Data for the task ->
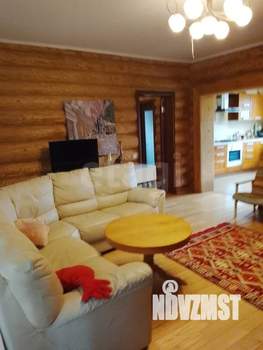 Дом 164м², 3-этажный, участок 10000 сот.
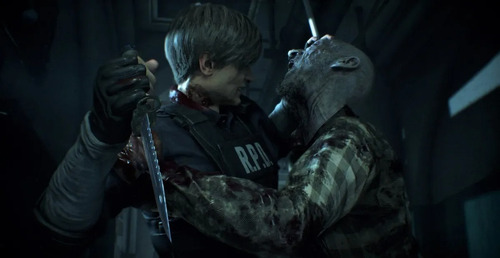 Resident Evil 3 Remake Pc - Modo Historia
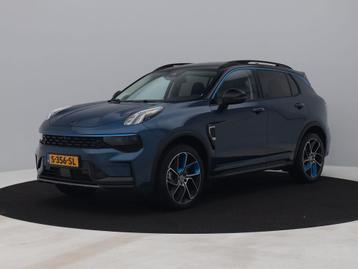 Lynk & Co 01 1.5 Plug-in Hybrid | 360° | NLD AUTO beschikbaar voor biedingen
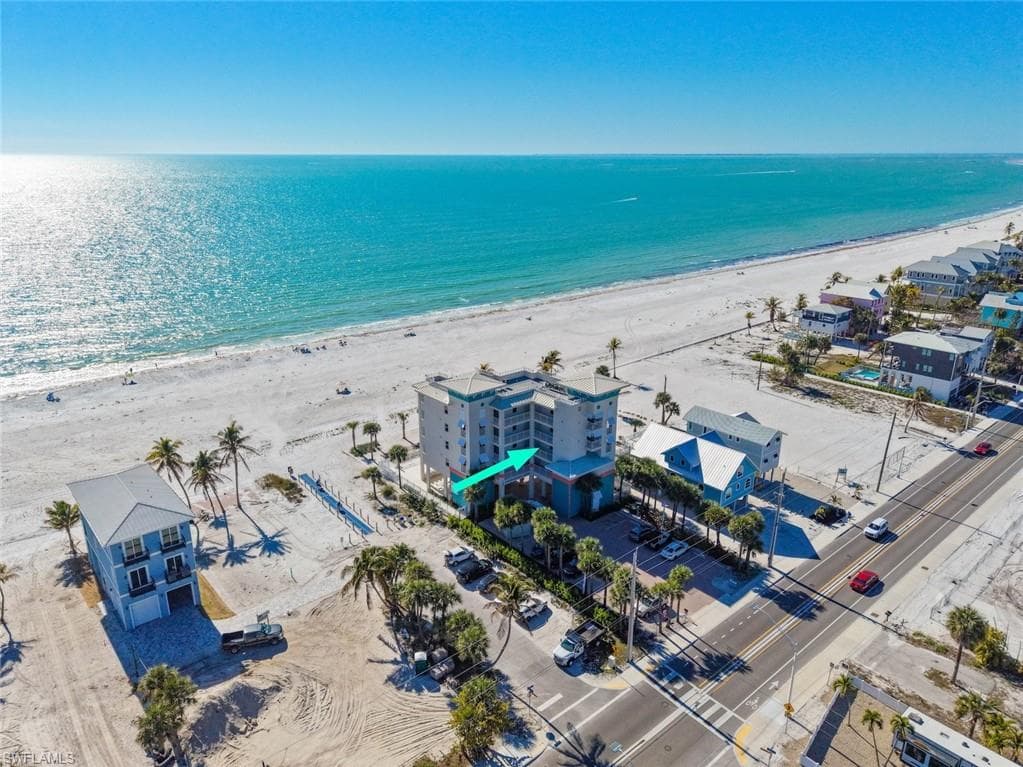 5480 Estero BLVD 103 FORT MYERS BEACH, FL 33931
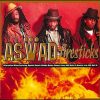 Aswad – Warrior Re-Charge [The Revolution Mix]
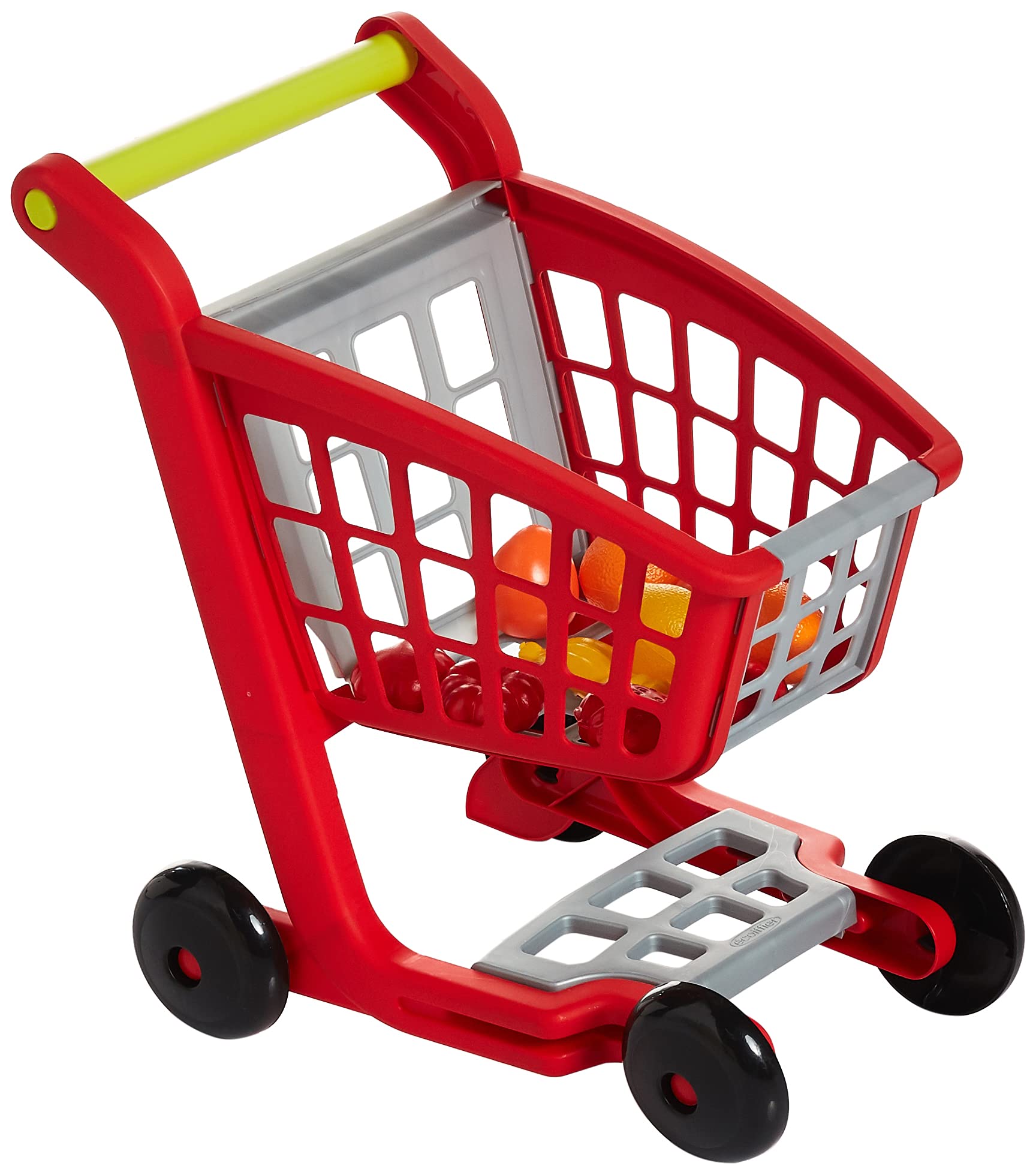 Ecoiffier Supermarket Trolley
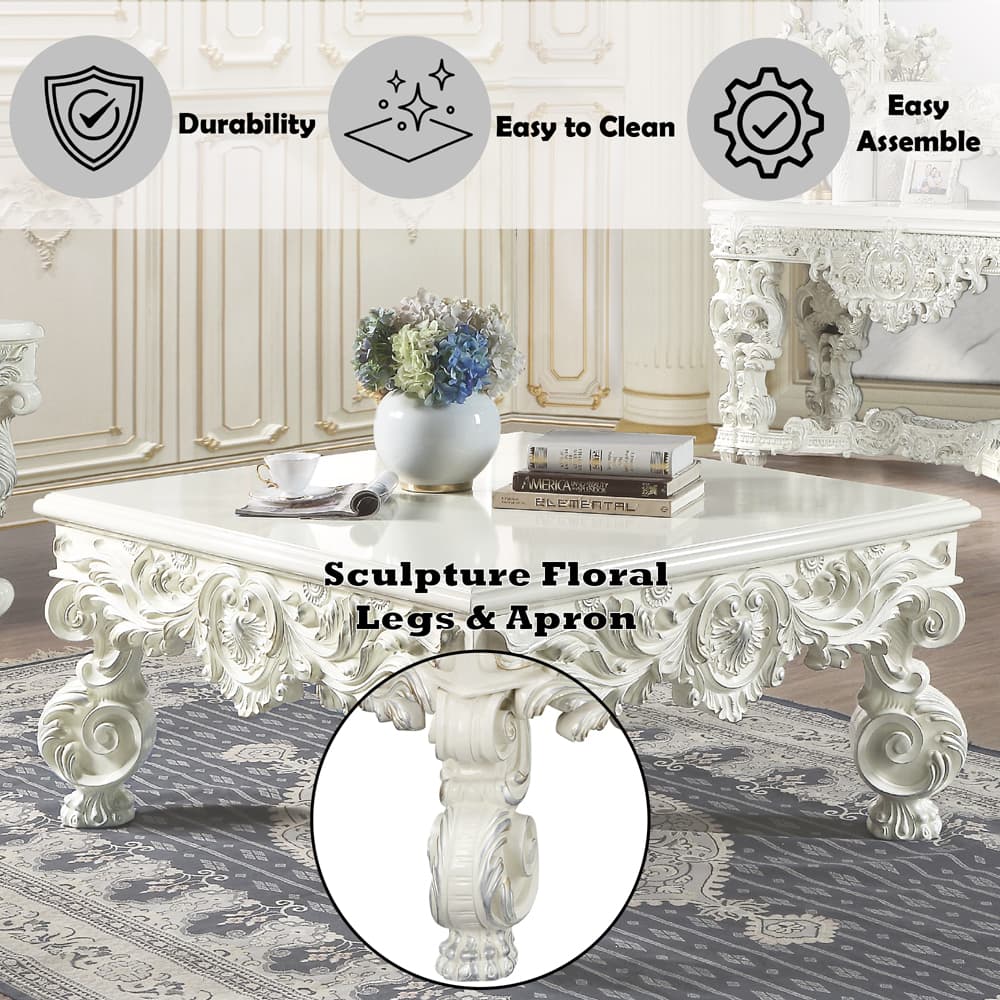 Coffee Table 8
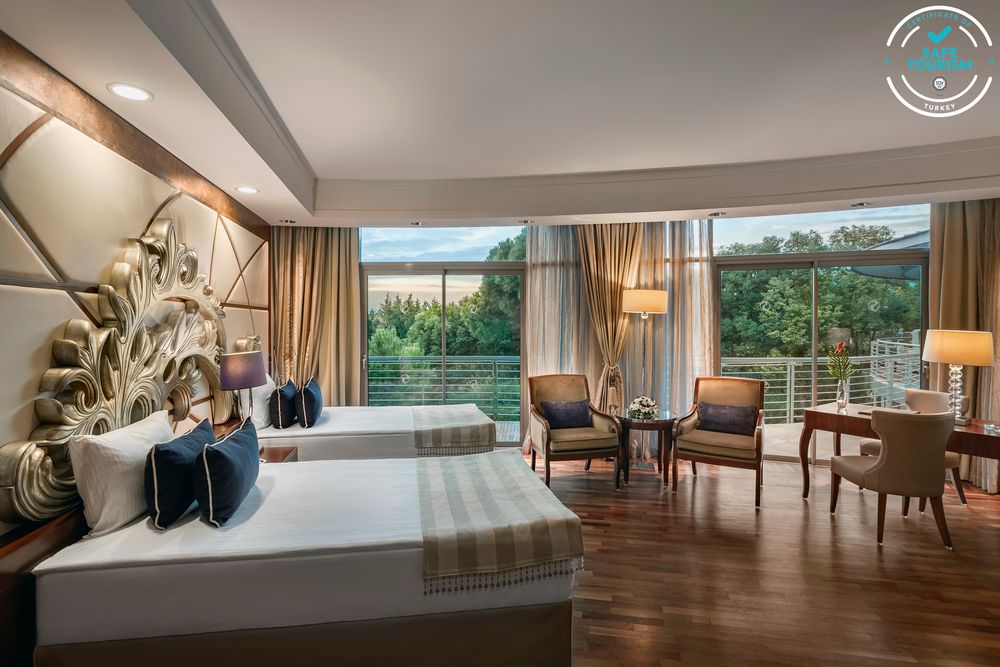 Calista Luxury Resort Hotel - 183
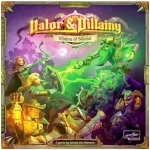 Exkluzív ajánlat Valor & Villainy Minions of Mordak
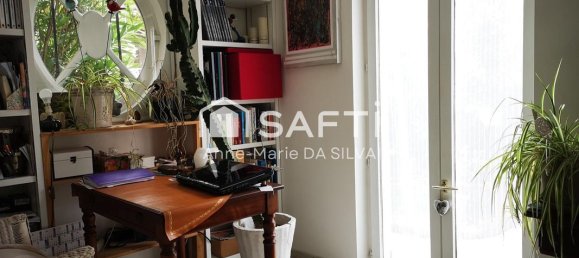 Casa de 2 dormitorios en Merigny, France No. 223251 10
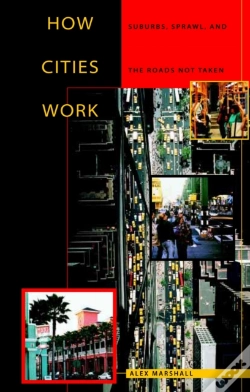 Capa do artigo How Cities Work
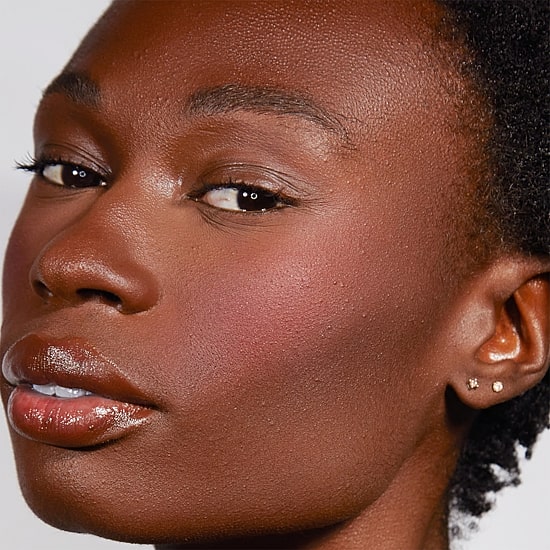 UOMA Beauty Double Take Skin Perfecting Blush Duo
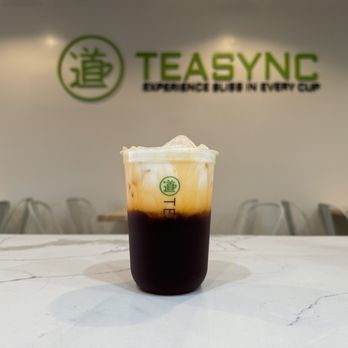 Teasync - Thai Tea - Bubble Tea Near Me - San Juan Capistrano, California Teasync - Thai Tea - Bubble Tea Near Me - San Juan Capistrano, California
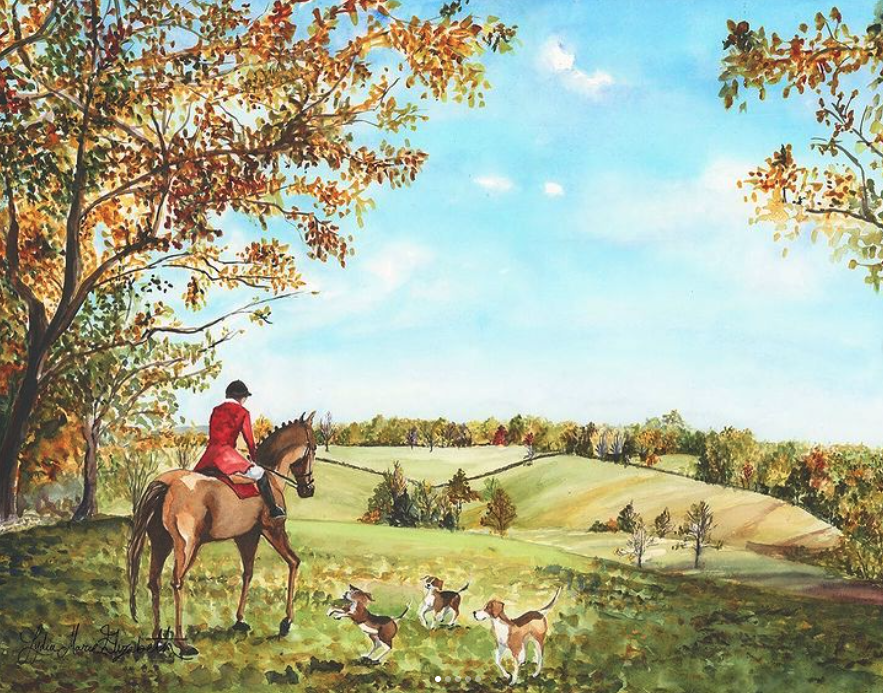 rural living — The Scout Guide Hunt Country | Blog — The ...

Task details -> Exactly as they appear above, print all the lines, but not the pictures.

Solution ->
 Дом 164м², 3-этажный, участок 10000 сот.
 Resident Evil 3 Remake Pc - Modo Historia
 Lynk & Co 01 1.5 Plug-in Hybrid | 360° | NLD AUTO beschikbaar voor biedingen
 5480 Estero BLVD 103 FORT MYERS BEACH, FL 33931
 Aswad – Warrior Re-Charge [The Revolution Mix]
 Ecoiffier Supermarket Trolley
 Coffee Table 8
 Calista Luxury Resort Hotel - 183
 Exkluzív ajánlat Valor & Villainy Minions of Mordak
 Casa de 2 dormitorios en Merigny, France No. 223251 10
 Capa do artigo How Cities Work
 UOMA Beauty Double Take Skin Perfecting Blush Duo
 Teasync - Thai Tea - Bubble Tea Near Me - San Juan Capistrano, California Teasync - Thai Tea - Bubble Tea Near Me - San Juan Capistrano, California
 rural living — The Scout Guide Hunt Country | Blog — The ...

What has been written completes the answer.